- Born: Great Ovedje Ogboru 10 April 1958 (age 68) Port Harcourt, Nigeria
- Education: The Chartered Institute of Marketing (BA) Huron University USA in London (MBA) University of Kent (MA)

= Great Ogboru =

Nigerian politician (born 1958)

Great Ovedje Ogboru (born 10 April 1958) is a Nigerian businessman and politician who was the gubernatorial candidate for the Alliance of Democracy, the Democratic Peoples' Party and the Labour Party in the 2003, 2007 and 2015 Delta State governorship elections. He was also the gubernatorial nominee for the All Progressives Congress (APC) in the 2019 Delta State governorship elections.

==Early life and education==
Ogboru was born on 10 April 1958 in Port Harcourt. Ogboru received early education at Municipal Primary School, Port Harcourt, but left the city to continue studies at a primary school in Abraka. He, however, finished his primary education at Oharisi Primary School, Ughelli. He attended Government College, Ughelli, from 1971 to 1975. He served as a teacher and while working, he obtained an external advanced level certificate in 1980.

While he was in the United Kingdom, he attended The Chartered Institute of Marketing, London. Thereafter, he attended Huron University USA in London, a branch of Huron University in South Dakota, earning a Master of Business Administration degree. He also obtained a master's degree in international relations at the University of Kent in Canterbury.

==Career==
In 1984, he was employed as a marketing officer in a fishing company in Lagos. In 1987, he left the fishing firm to start up his own private fishing business, Fiogret Ltd, which later grew and expanded to some other African countries. At the time he was involved in the fishing business, he ventured into other businesses, which included a Warri based furniture company and Bureau de Change.

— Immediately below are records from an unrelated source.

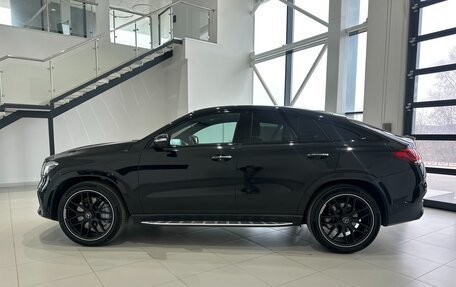 Mercedes-Benz GLE Coupe AMG, 2021 год, 10 500 000 рублей, 6 фотография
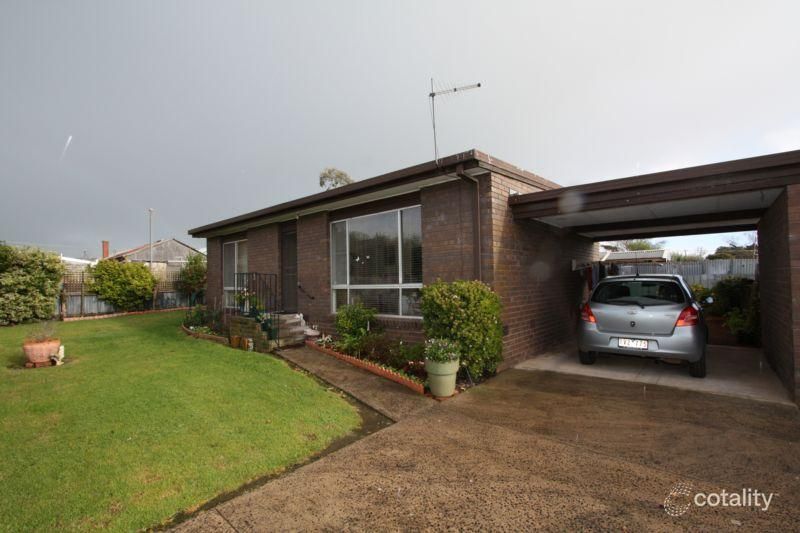 3/55 Fergusson St, Camperdown, VIC 3260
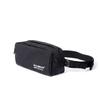Black Briar Zappy Pack Waist Bag [Diamond Black]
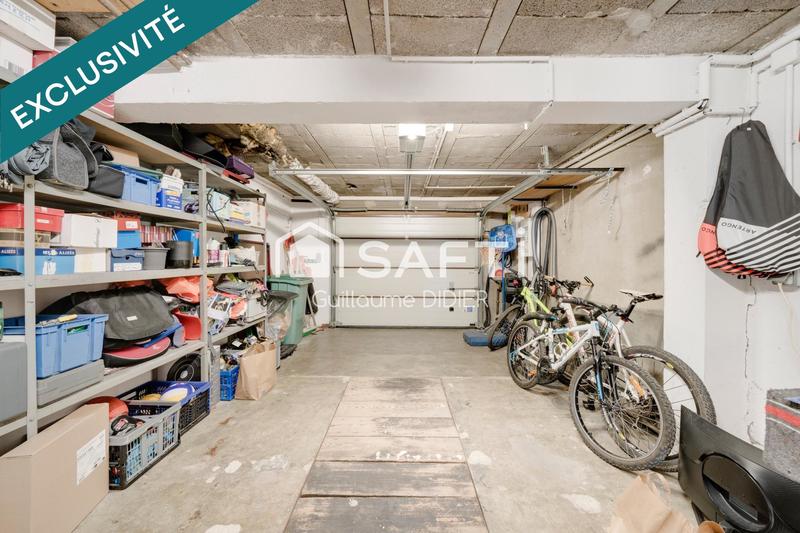 Maison - 170 m² - 6 pièces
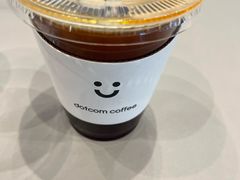 -dotcom coffee古点咖啡(致真大厦店)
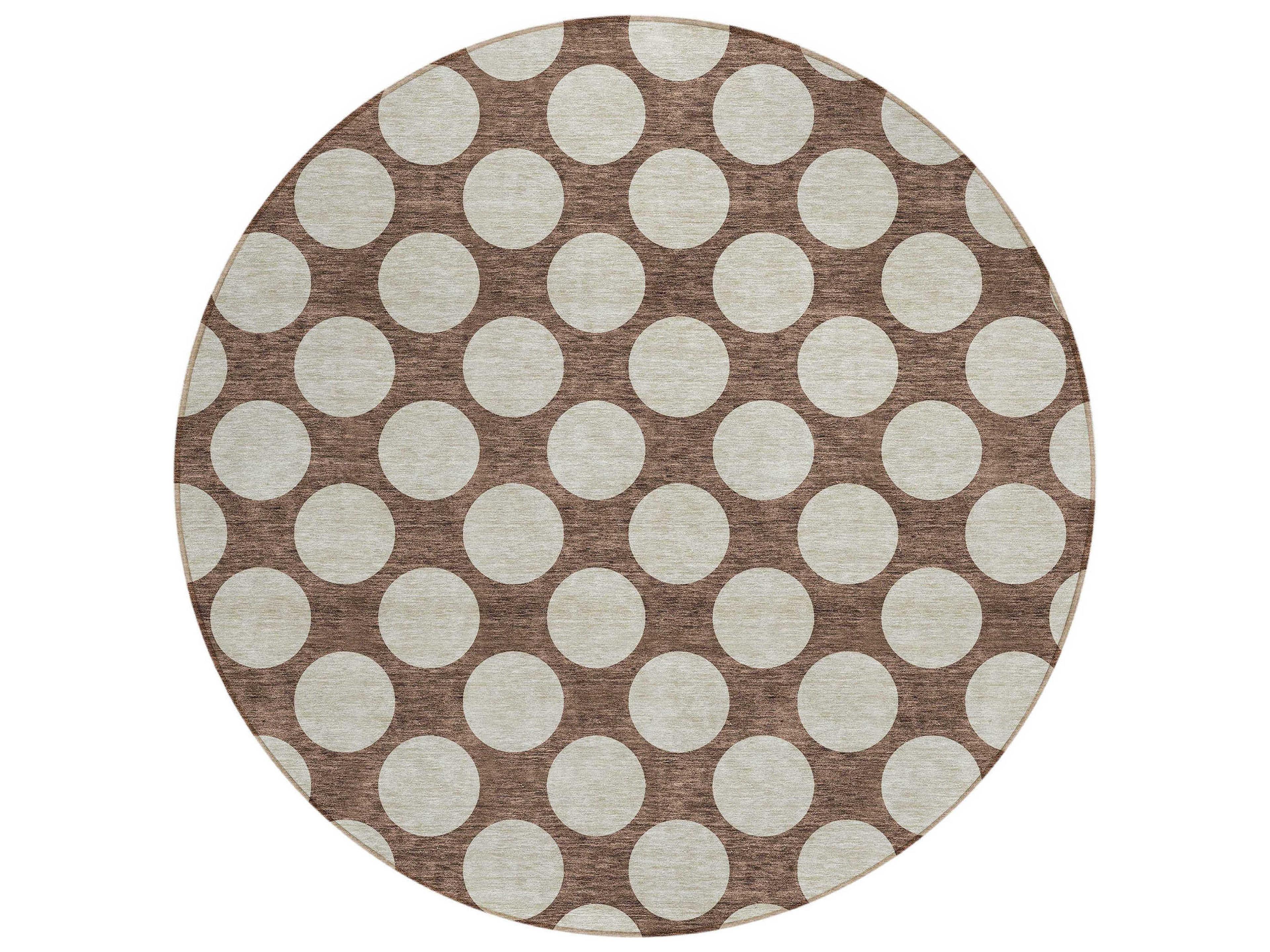 Dalyn Chantille Abstract Runner Area Rug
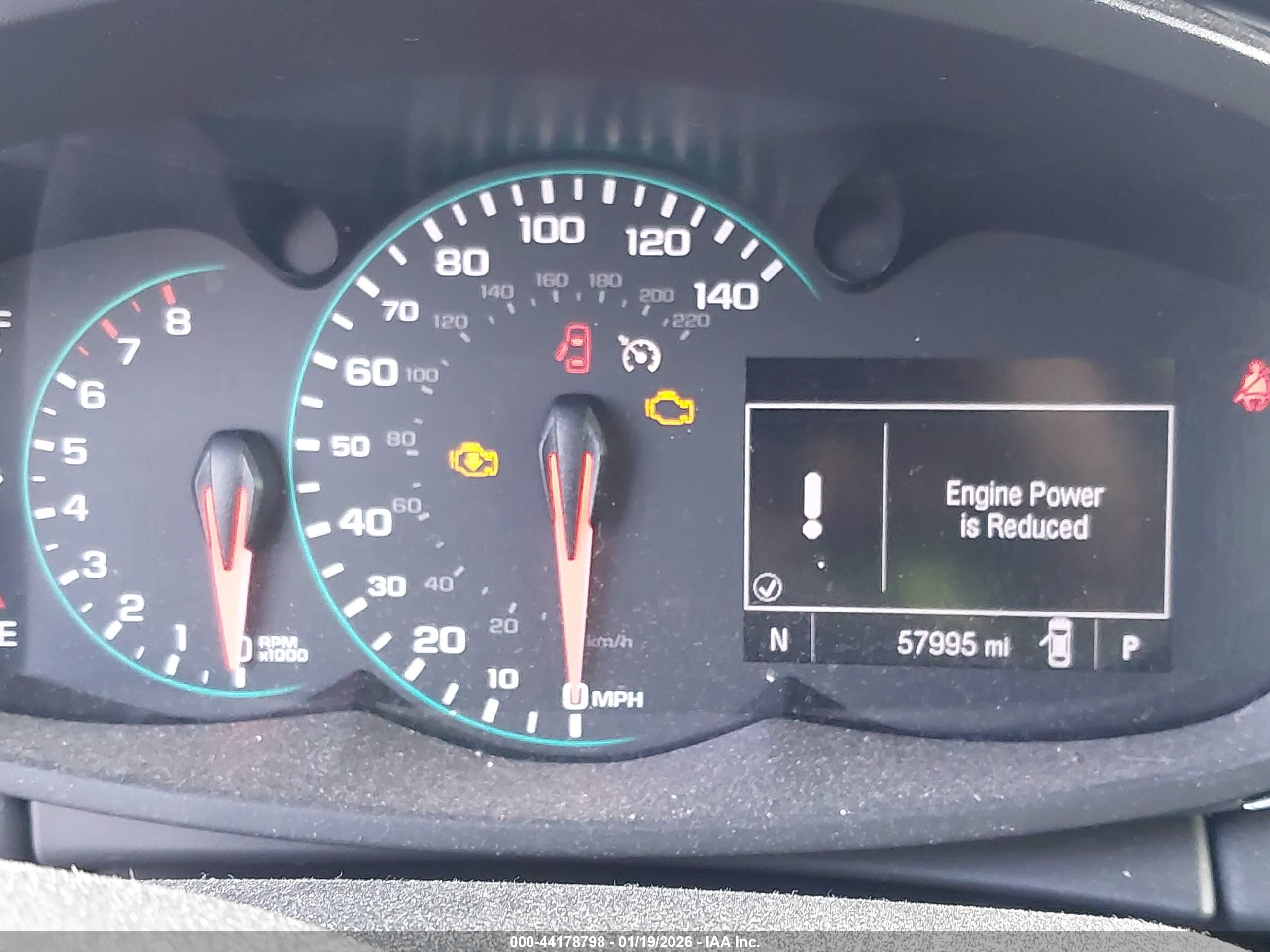 CHEVROLET TRAX image 7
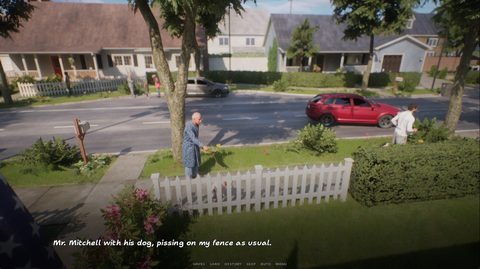 Before Contact: Eleven screenshot 1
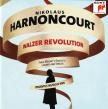 MOZART, STRAUSS, LANNER - WALZER REVOLUTION 2CD NIKOLAUS HARNONCOURT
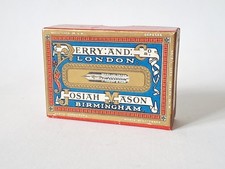 ANTIQUE DIP PEN NIB PLUME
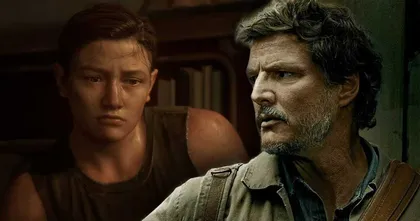 ผู้ชมซีรีส์ The Last of Us ตาไว พบคนที่เชื่อว่าเป็น Abby ในตอนสุดท้ายของซีซั่นแรก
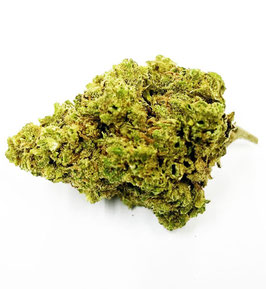 CBD Kushberry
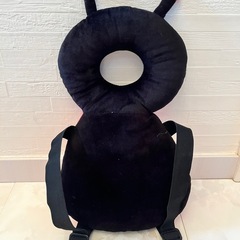 転倒防止クッションの画像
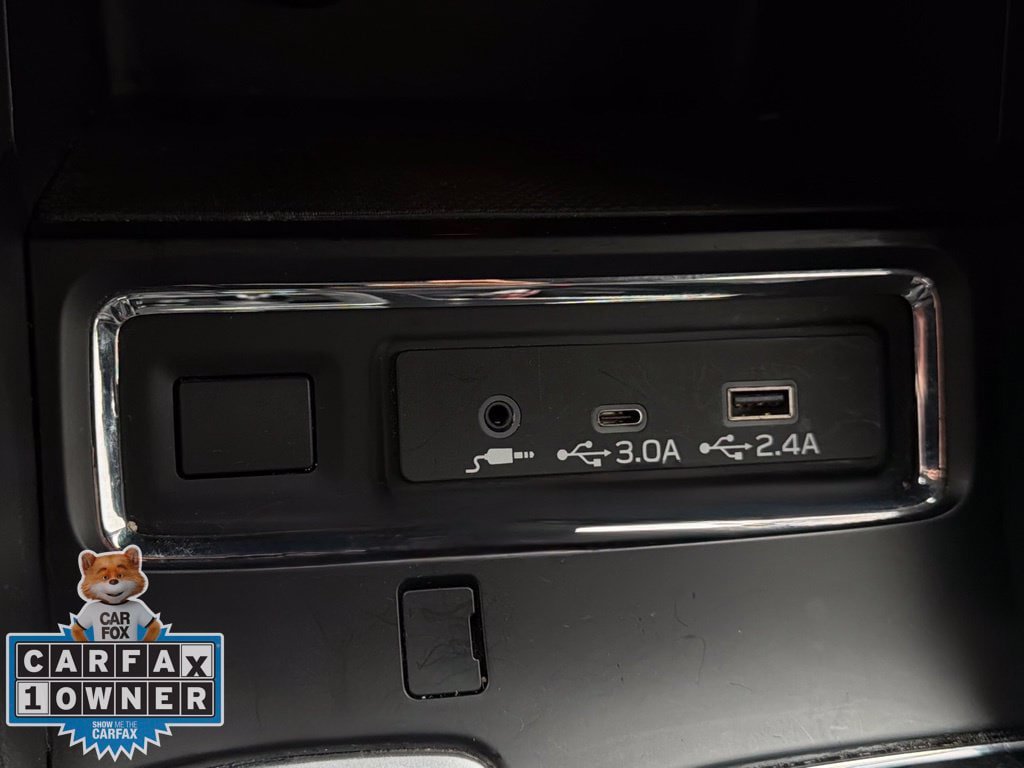 Used 2024 Subaru Ascent Onyx Edition AWD/4WD image 17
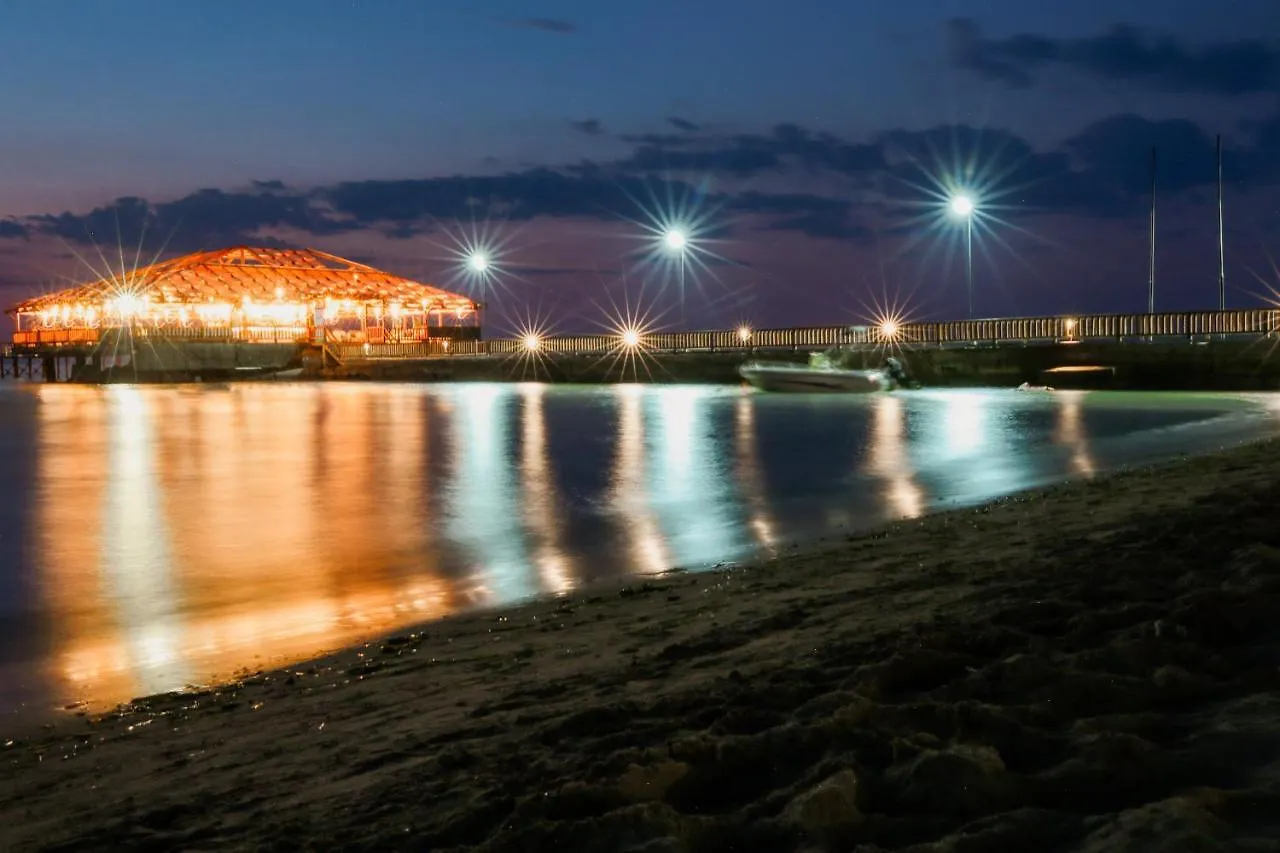 Hotel Klajdi Resort & Spa Golem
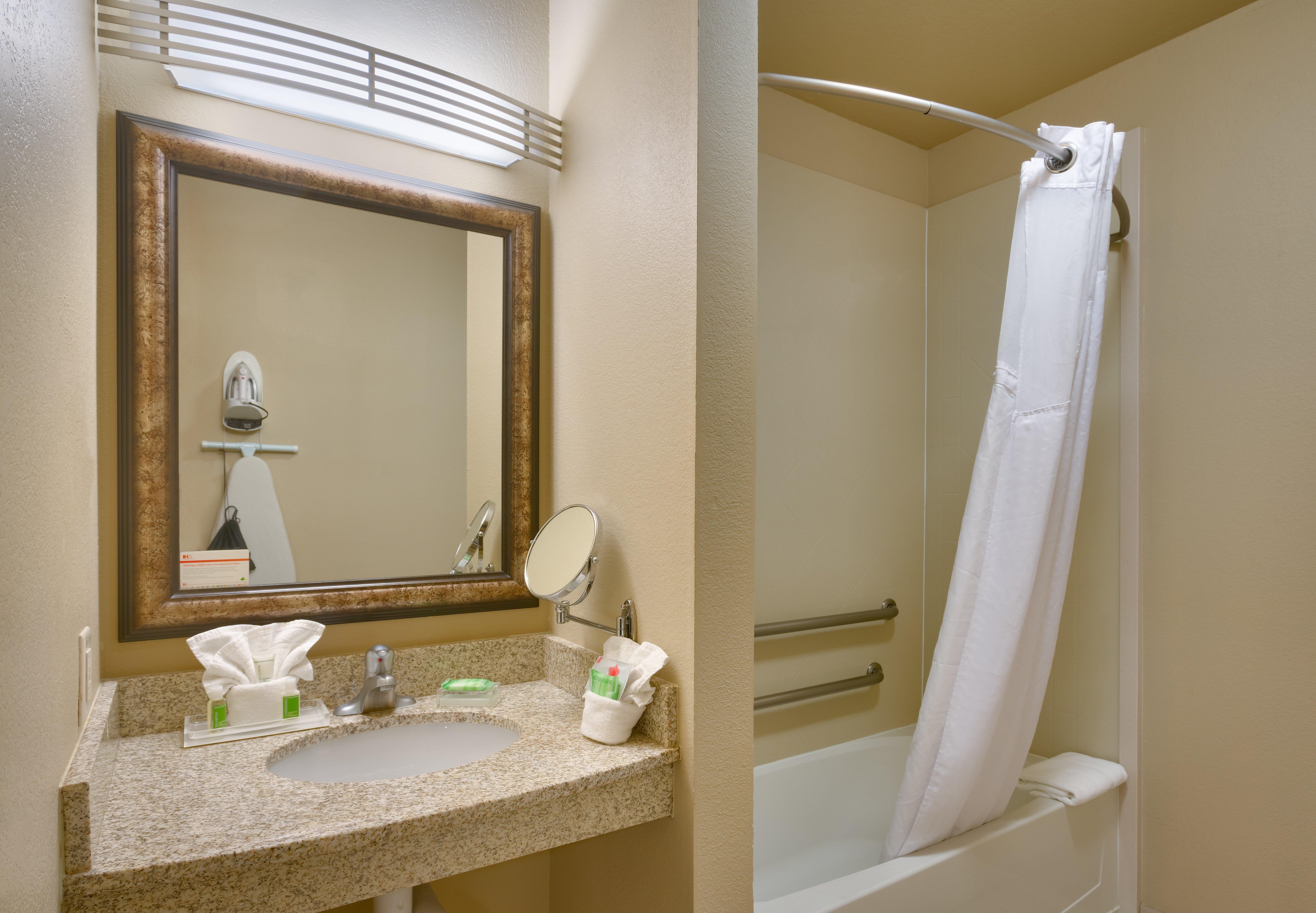 Holiday Inn & Suites Salt Lake City - Airport West By Ihg Exterior foto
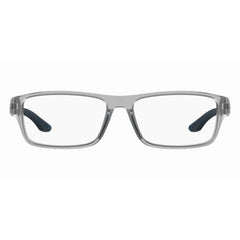 Under Armour Gray Resin Frames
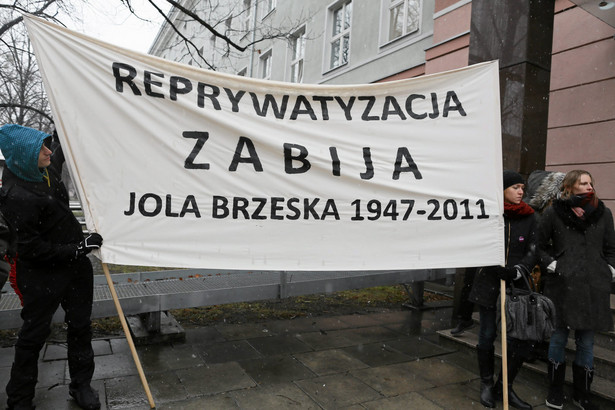 Prokurator generalny zapowiedział tydzień temu nowe śledztwo w sprawie morderstwa Jolanty Brzeskiej, której zwęglone zwłoki znaleziono 1 marca 2011 r. na skraju Lasu Kabackiego.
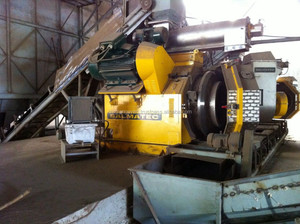 GRAN CALIDAD Y PRECIO BARATO-PELLETS DE MADERA PARA COMBUSTIBLE DE CALEFACCIÓN - Product Image 5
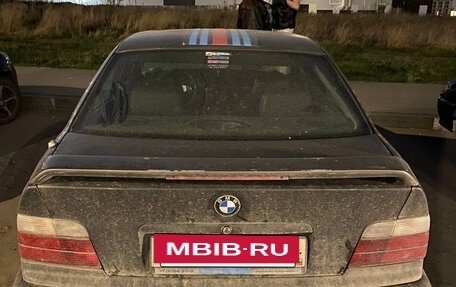 BMW 3 серия, 1991 год, 130 000 рублей, 3 фотография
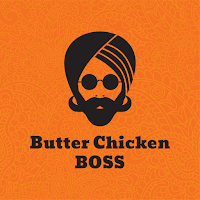 Butter Chicken Boss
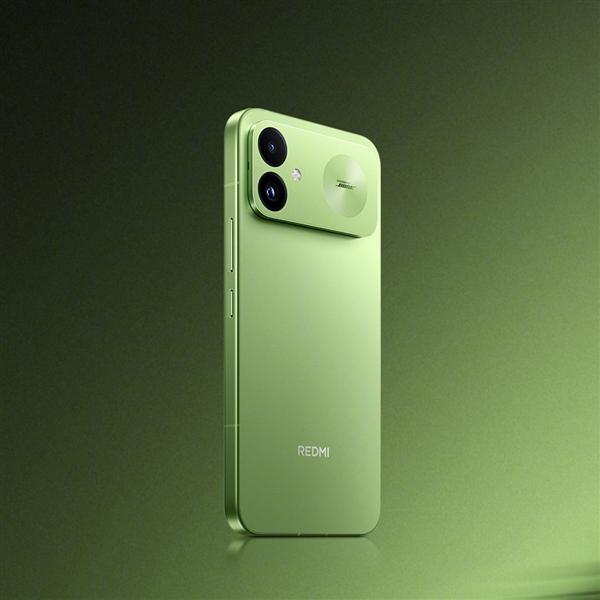 REDMI K100确认搭载骁龙8至尊版+D2独显！升级165Hz高刷电竞屏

In April 1990, Ogboru was indicted in the failed coup attempt of Gideon Orkar, he fled the country through the Seme border with help from his brother, Turner Ogboru. The military administration subsequently detained Turner and harassed Ogboru's siblings and did not discourage the looting of his properties by soldiers. Ogboru initially fled to London but later moved to Angola and Namibia.

Ogboru returned to Nigeria in June 2000 and joined the democratic process with the establishment of the South-South Rainbow Coalition (SSRC). He established himself as a viable opposition candidate to Delta's governor, James Ibori, under the Peoples Democratic Party (PDP) and contested the governorship elections in Delta State in 2003. In the 2007 election, Ogboru contested for governorship under the flag of the Democracy People Party (DPP) against Emmanuel Uduaghan of the Peoples Democratic Party (PDP) and lost to Emmanuel Uduagha again in the 2011 election, though he contested under the umbrella of the Labour Party. In the 2015 Delta State governorship election, Ogboru contested for governorship under the umbrella of the All Progressive Congress (APC). He was defeated by Ifeanyi Okowa of the Peoples Democratic Party (PDP). In the 2019 governorship election of Delta State, Ogboru, under the umbrella of the All Progressive Congress (APC) lost to Ifeanyi Okowa.